(Recorded data)

= Beginning of Section =

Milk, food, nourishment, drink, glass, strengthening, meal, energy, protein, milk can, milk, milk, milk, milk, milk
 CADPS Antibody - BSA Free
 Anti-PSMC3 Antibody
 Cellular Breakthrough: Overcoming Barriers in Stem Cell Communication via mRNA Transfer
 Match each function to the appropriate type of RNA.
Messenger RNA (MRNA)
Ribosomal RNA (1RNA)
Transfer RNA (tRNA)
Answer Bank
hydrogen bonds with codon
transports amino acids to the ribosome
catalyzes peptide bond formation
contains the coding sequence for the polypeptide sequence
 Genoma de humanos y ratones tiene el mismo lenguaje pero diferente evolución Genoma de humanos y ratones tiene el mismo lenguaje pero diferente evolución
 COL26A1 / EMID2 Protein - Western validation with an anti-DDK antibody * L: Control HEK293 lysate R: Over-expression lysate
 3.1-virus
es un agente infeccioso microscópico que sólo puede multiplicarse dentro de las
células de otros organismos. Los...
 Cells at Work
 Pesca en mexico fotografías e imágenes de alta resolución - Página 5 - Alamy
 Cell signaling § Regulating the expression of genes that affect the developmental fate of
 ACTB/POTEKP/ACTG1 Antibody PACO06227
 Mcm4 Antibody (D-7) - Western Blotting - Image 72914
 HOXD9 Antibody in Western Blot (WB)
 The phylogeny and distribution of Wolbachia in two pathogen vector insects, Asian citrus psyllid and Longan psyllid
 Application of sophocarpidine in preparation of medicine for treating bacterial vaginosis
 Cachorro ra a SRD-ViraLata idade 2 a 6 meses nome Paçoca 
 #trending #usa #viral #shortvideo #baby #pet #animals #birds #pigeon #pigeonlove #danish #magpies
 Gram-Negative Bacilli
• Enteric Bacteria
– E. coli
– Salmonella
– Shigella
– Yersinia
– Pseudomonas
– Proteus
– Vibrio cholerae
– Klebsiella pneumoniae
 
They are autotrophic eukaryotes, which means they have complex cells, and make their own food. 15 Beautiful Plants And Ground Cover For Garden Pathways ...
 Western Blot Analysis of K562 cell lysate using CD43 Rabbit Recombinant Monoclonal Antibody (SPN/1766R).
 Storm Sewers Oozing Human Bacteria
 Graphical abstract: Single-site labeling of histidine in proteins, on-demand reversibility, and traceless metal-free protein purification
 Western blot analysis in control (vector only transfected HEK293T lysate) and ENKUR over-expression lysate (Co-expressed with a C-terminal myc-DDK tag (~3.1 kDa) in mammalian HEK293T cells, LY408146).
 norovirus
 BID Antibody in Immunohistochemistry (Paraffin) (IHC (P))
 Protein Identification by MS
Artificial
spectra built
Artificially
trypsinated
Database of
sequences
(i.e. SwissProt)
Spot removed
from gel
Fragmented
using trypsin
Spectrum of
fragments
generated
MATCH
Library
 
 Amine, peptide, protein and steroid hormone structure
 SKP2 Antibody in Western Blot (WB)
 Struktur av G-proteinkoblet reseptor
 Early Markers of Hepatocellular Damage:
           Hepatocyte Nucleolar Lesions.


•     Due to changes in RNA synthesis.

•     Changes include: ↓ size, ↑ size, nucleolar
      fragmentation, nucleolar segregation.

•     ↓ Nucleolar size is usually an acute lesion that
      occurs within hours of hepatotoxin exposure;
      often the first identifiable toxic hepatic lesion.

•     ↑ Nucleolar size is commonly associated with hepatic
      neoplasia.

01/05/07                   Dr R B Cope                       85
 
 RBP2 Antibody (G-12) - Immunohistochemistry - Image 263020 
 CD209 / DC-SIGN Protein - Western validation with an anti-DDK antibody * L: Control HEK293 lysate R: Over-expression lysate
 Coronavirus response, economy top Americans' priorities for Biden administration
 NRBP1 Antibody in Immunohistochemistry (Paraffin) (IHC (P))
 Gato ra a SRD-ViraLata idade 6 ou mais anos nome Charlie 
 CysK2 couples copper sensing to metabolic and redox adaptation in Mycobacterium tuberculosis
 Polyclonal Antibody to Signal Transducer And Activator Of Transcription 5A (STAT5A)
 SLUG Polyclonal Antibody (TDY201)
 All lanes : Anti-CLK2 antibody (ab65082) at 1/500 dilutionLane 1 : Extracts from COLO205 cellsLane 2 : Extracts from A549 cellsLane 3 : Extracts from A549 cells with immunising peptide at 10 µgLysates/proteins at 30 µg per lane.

= End of Section =

The expected output is the exact run of lines from the start of the entries through the line with "Cells at Work", inclusive.

Milk, food, nourishment, drink, glass, strengthening, meal, energy, protein, milk can, milk, milk, milk, milk, milk
 CADPS Antibody - BSA Free
 Anti-PSMC3 Antibody
 Cellular Breakthrough: Overcoming Barriers in Stem Cell Communication via mRNA Transfer
 Match each function to the appropriate type of RNA.
Messenger RNA (MRNA)
Ribosomal RNA (1RNA)
Transfer RNA (tRNA)
Answer Bank
hydrogen bonds with codon
transports amino acids to the ribosome
catalyzes peptide bond formation
contains the coding sequence for the polypeptide sequence
 Genoma de humanos y ratones tiene el mismo lenguaje pero diferente evolución Genoma de humanos y ratones tiene el mismo lenguaje pero diferente evolución
 COL26A1 / EMID2 Protein - Western validation with an anti-DDK antibody * L: Control HEK293 lysate R: Over-expression lysate
 3.1-virus
es un agente infeccioso microscópico que sólo puede multiplicarse dentro de las
células de otros organismos. Los...
 Cells at Work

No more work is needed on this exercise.